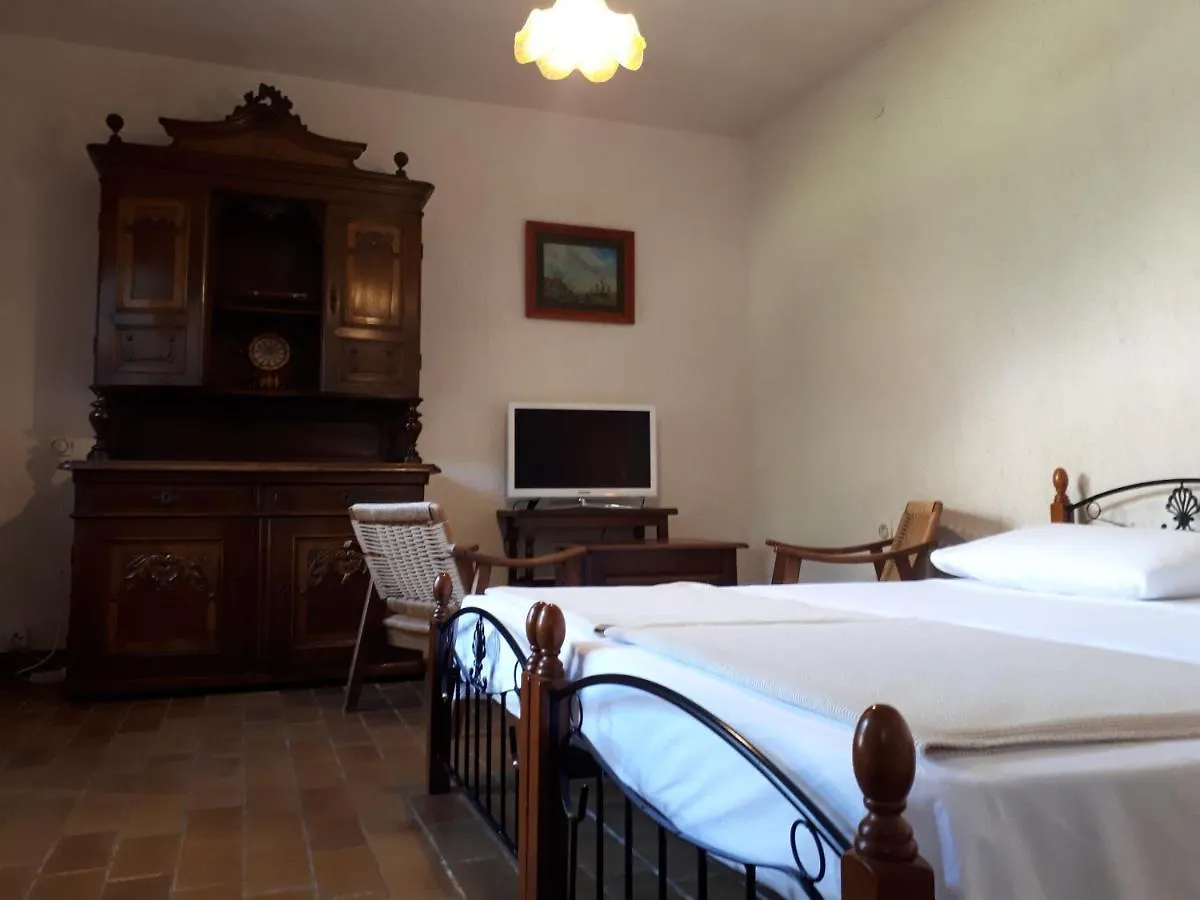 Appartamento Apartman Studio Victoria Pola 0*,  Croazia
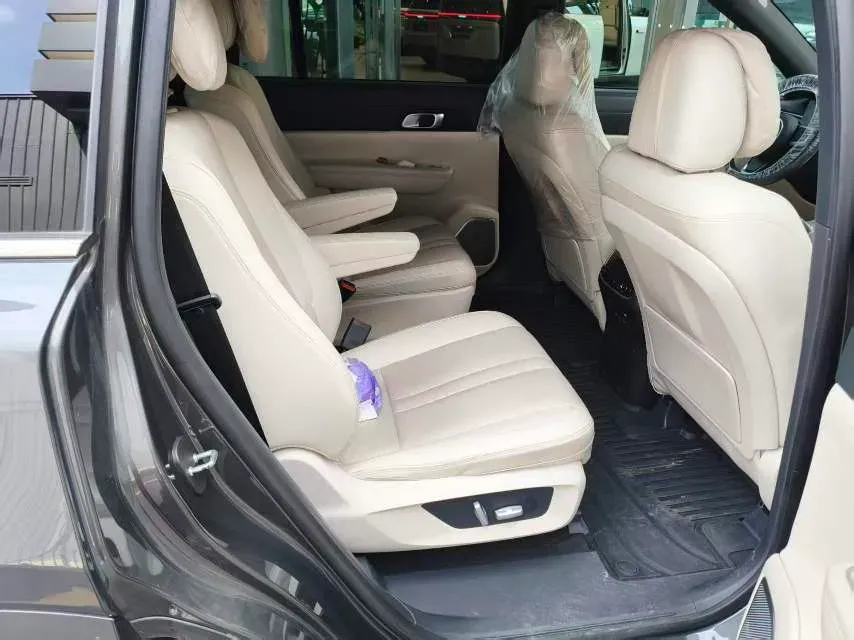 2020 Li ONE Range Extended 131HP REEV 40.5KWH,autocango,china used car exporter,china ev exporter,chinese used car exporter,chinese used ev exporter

★ ★ ★ ★ ★ ★ ★

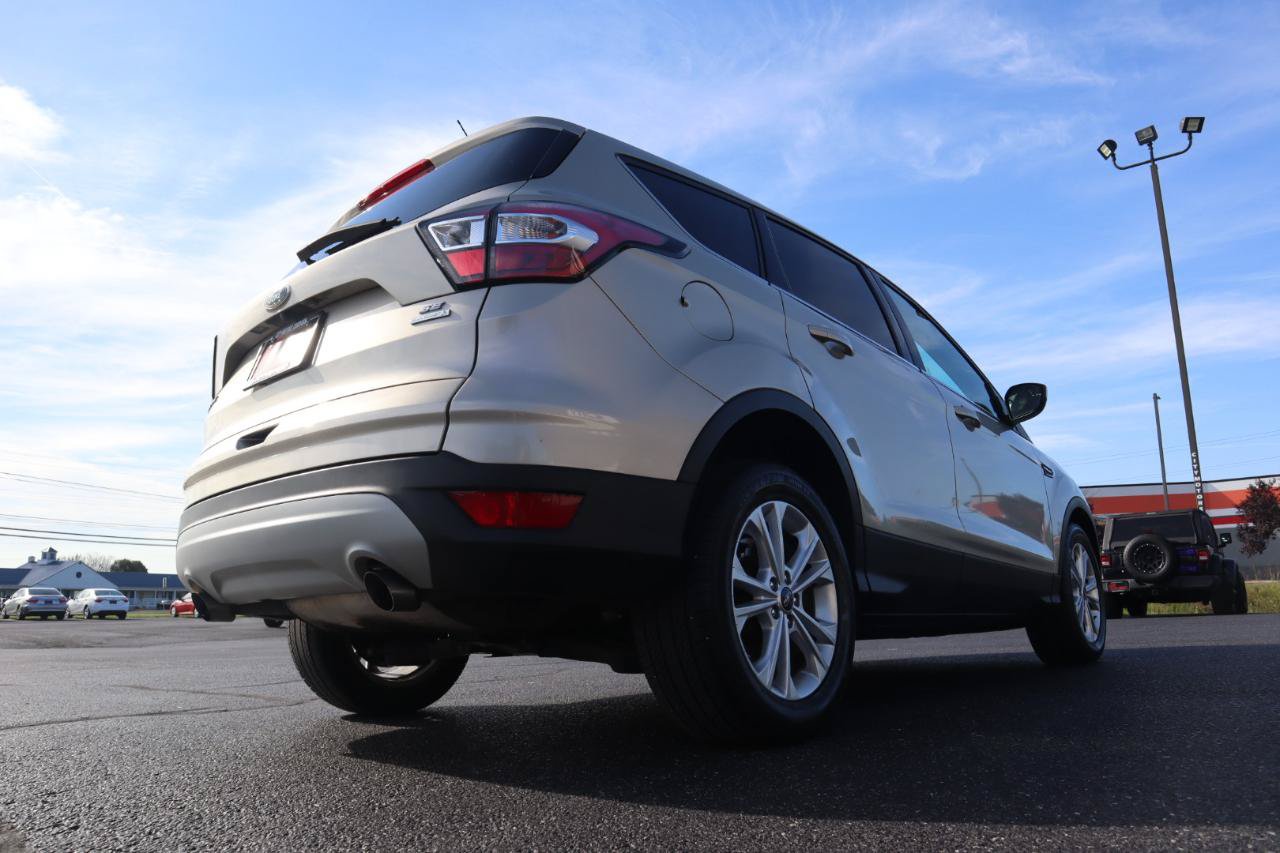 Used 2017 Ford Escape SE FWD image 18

★ ★ ★ ★ ★ ★ ★

Exercise instructions: Using the entries above, transcribe exactly from the line that has "Appartamento Apartman Studio" through the line that has "2020 Li ONE". Pictures are dropped.

Completed exercise:
 Appartamento Apartman Studio Victoria Pola 0*,  Croazia
 2020 Li ONE Range Extended 131HP REEV 40.5KWH,autocango,china used car exporter,china ev exporter,chinese used car exporter,chinese used ev exporter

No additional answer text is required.